■ Task instructions ■
Lift out, unaltered, the lines of the material below between the line holding "Tan jogger pants" and the line holding "Curata 14k Yellow", counting both.

■ Excerpted records ■
========================

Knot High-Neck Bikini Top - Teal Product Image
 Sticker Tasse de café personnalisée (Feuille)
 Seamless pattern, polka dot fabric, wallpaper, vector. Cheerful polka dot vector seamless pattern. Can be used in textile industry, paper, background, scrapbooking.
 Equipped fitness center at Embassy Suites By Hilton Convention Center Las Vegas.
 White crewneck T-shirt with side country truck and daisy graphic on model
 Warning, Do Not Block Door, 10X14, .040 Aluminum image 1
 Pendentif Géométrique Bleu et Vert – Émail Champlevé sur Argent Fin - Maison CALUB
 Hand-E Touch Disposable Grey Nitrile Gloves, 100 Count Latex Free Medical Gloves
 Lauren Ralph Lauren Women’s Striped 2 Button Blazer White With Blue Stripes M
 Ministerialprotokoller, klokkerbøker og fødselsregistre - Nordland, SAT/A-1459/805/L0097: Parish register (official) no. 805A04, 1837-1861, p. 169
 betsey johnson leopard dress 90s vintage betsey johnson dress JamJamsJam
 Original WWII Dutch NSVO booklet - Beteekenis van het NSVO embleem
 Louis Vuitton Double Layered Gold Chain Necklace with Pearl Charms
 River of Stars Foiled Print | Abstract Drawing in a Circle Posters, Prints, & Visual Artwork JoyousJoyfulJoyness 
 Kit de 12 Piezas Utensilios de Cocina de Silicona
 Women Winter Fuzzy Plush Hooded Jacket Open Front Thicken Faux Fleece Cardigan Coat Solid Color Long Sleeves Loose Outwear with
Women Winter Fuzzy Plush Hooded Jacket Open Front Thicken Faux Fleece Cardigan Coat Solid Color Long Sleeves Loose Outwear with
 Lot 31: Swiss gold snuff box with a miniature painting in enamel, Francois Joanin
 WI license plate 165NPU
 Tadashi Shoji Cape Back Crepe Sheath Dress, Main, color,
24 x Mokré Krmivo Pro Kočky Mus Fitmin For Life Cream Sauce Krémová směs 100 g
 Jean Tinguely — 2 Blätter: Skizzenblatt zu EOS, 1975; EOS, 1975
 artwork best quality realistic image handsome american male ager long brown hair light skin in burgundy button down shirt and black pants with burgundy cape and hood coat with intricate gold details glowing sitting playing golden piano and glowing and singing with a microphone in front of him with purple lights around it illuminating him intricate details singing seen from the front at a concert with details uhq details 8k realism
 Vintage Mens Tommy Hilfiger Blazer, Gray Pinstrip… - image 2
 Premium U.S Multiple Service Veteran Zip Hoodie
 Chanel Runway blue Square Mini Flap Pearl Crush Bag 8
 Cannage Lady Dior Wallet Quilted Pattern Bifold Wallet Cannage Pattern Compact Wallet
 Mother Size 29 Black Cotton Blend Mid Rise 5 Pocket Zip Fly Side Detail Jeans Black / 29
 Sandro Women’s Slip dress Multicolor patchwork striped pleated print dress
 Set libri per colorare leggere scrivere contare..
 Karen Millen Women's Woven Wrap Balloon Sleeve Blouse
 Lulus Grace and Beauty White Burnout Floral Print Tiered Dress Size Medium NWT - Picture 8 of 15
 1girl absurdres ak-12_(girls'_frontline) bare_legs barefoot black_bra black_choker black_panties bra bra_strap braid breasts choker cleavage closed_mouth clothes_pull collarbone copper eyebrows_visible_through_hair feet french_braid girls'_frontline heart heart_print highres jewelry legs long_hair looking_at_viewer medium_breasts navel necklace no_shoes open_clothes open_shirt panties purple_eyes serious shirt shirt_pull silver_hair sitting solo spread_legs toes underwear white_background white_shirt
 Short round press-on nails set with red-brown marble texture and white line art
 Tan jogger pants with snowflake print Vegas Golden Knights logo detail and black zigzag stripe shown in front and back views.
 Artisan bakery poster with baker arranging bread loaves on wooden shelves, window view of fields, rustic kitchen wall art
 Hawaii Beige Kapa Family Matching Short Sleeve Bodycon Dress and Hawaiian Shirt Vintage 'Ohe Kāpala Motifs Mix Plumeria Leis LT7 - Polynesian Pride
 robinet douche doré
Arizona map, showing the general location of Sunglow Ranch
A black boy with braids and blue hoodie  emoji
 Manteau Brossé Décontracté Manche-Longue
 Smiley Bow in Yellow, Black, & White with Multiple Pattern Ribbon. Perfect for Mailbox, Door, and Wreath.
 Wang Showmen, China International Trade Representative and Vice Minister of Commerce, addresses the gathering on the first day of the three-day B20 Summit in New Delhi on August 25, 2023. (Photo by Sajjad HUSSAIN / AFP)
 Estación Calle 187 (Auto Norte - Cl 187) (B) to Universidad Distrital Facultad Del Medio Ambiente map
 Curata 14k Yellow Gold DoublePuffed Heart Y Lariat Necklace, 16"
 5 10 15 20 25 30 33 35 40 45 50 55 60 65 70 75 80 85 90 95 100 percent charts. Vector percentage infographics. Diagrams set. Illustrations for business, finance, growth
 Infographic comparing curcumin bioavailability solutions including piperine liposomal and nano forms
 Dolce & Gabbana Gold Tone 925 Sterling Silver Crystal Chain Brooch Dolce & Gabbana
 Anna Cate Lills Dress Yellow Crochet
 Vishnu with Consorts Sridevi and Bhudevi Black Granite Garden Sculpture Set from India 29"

========================

■ Result below ■
 Tan jogger pants with snowflake print Vegas Golden Knights logo detail and black zigzag stripe shown in front and back views.
 Artisan bakery poster with baker arranging bread loaves on wooden shelves, window view of fields, rustic kitchen wall art
 Hawaii Beige Kapa Family Matching Short Sleeve Bodycon Dress and Hawaiian Shirt Vintage 'Ohe Kāpala Motifs Mix Plumeria Leis LT7 - Polynesian Pride
 robinet douche doré
Arizona map, showing the general location of Sunglow Ranch
A black boy with braids and blue hoodie  emoji
 Manteau Brossé Décontracté Manche-Longue
 Smiley Bow in Yellow, Black, & White with Multiple Pattern Ribbon. Perfect for Mailbox, Door, and Wreath.
 Wang Showmen, China International Trade Representative and Vice Minister of Commerce, addresses the gathering on the first day of the three-day B20 Summit in New Delhi on August 25, 2023. (Photo by Sajjad HUSSAIN / AFP)
 Estación Calle 187 (Auto Norte - Cl 187) (B) to Universidad Distrital Facultad Del Medio Ambiente map
 Curata 14k Yellow Gold DoublePuffed Heart Y Lariat Necklace, 16"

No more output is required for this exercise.